*EXERCISE AIM*:
Copy out all the lines in the records that include the word "Leather".

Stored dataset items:
----

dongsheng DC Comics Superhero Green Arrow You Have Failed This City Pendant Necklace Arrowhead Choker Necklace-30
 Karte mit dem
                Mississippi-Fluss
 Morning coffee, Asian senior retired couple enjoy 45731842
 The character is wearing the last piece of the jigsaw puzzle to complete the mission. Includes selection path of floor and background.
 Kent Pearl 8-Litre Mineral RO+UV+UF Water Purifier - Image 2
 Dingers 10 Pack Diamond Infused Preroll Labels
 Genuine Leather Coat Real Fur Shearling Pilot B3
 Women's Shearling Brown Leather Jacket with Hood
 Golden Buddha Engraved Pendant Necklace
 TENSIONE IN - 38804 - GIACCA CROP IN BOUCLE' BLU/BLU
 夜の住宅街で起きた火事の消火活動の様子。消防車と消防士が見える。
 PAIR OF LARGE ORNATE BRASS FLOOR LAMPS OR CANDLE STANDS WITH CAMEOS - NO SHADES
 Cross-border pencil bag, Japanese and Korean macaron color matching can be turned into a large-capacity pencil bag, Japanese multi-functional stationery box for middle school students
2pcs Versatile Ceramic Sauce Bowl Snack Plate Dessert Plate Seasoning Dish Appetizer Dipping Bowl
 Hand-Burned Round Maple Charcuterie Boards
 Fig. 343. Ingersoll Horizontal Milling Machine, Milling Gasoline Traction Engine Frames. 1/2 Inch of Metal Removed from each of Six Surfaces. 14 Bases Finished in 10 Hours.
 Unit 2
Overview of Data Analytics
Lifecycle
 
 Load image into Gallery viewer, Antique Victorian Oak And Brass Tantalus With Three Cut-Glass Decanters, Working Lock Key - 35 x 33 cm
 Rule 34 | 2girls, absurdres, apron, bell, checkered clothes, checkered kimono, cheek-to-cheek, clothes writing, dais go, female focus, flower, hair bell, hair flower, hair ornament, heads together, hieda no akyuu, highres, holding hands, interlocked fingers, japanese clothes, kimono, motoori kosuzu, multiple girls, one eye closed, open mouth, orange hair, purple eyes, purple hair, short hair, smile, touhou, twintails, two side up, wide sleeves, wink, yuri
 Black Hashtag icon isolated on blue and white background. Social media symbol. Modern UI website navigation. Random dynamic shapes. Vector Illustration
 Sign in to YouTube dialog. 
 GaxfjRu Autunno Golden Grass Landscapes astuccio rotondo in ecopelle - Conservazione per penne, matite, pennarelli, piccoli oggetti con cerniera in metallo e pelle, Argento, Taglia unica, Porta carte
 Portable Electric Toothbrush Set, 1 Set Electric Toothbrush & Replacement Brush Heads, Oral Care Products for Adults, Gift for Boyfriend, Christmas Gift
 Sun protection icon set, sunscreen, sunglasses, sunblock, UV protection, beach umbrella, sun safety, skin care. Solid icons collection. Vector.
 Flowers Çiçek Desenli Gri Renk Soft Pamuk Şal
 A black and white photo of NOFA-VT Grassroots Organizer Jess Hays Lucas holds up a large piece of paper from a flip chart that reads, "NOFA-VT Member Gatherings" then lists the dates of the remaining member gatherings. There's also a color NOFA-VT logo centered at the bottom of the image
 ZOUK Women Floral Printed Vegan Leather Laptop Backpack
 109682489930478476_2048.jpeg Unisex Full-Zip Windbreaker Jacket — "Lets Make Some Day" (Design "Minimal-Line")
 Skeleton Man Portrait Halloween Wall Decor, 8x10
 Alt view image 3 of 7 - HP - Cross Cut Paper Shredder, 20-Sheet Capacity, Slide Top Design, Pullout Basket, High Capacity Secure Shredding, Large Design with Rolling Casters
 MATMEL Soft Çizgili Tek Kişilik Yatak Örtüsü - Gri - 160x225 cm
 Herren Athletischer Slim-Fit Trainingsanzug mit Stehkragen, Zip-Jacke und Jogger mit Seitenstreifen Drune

----

*RESULT OF THE TASK*:
 Genuine Leather Coat Real Fur Shearling Pilot B3
 Women's Shearling Brown Leather Jacket with Hood
 ZOUK Women Floral Printed Vegan Leather Laptop Backpack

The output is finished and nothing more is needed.